---------- RECORDED INFORMATION

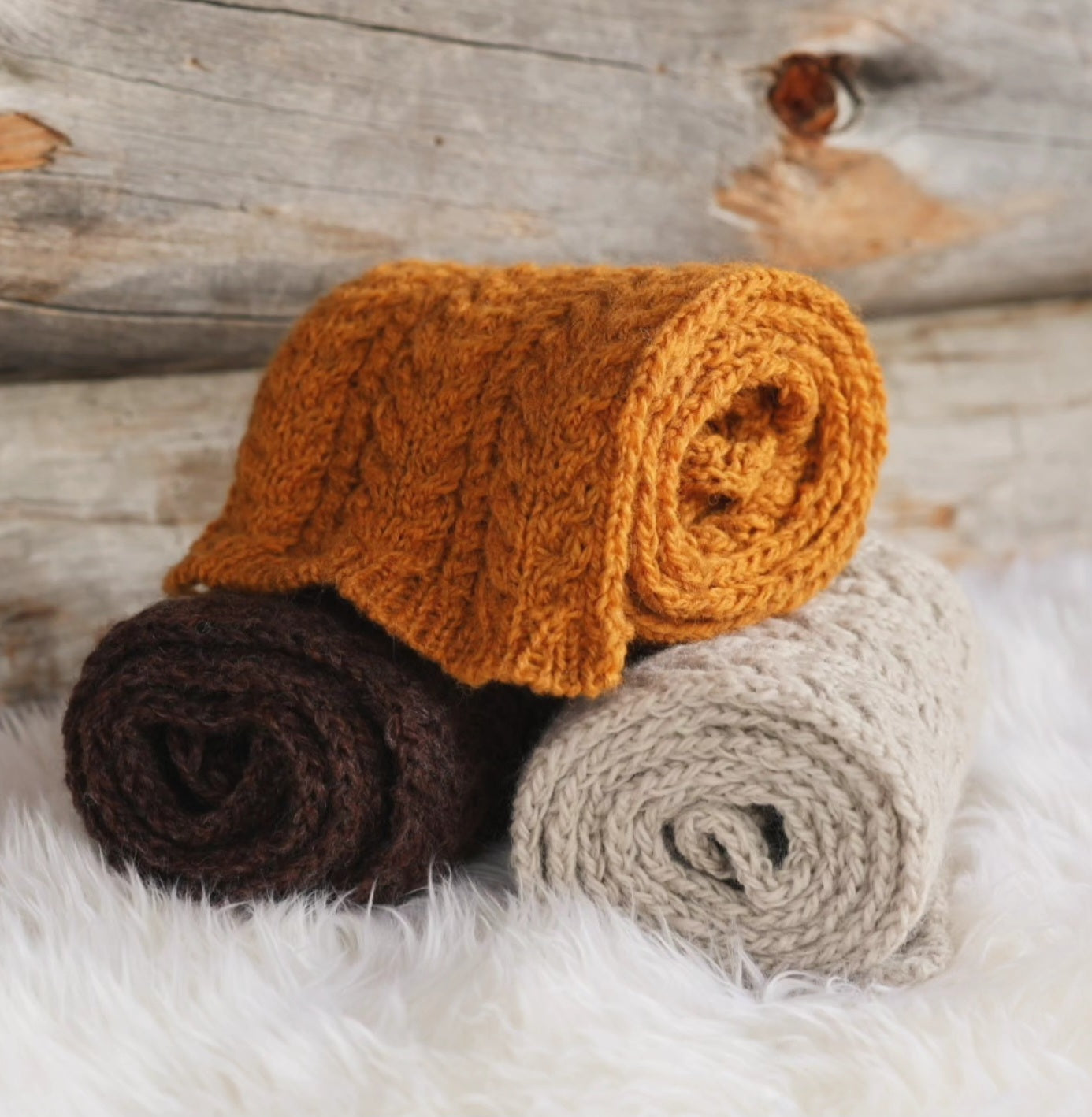 HILHA ASUSTEET / Pipon, lapasten, kaulaliinan ja säärystimien Suomenkielinen ohje / FIN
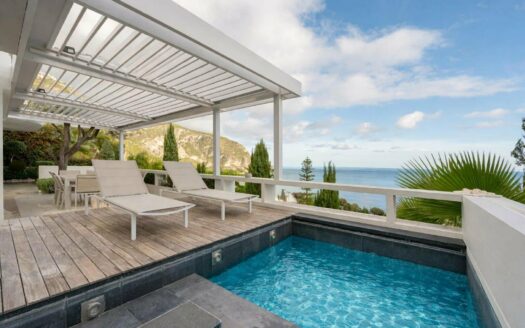 Contemporary villa with sea view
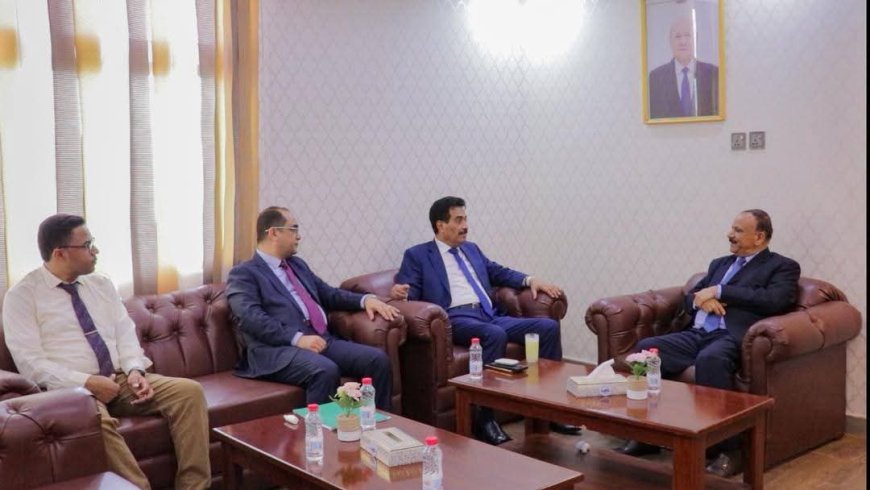 وزير النقل يلتقي سفير بلادنا لدى إندونيسيا ويبحث مع محافظ سقطرى أوضاع قطاعات النقل بالمحافظة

--------------------

YOUR TASK
Could you return the whole listing exactly, with every picture removed?

TASK SOLUTION
 HILHA ASUSTEET / Pipon, lapasten, kaulaliinan ja säärystimien Suomenkielinen ohje / FIN
 Contemporary villa with sea view
 وزير النقل يلتقي سفير بلادنا لدى إندونيسيا ويبحث مع محافظ سقطرى أوضاع قطاعات النقل بالمحافظة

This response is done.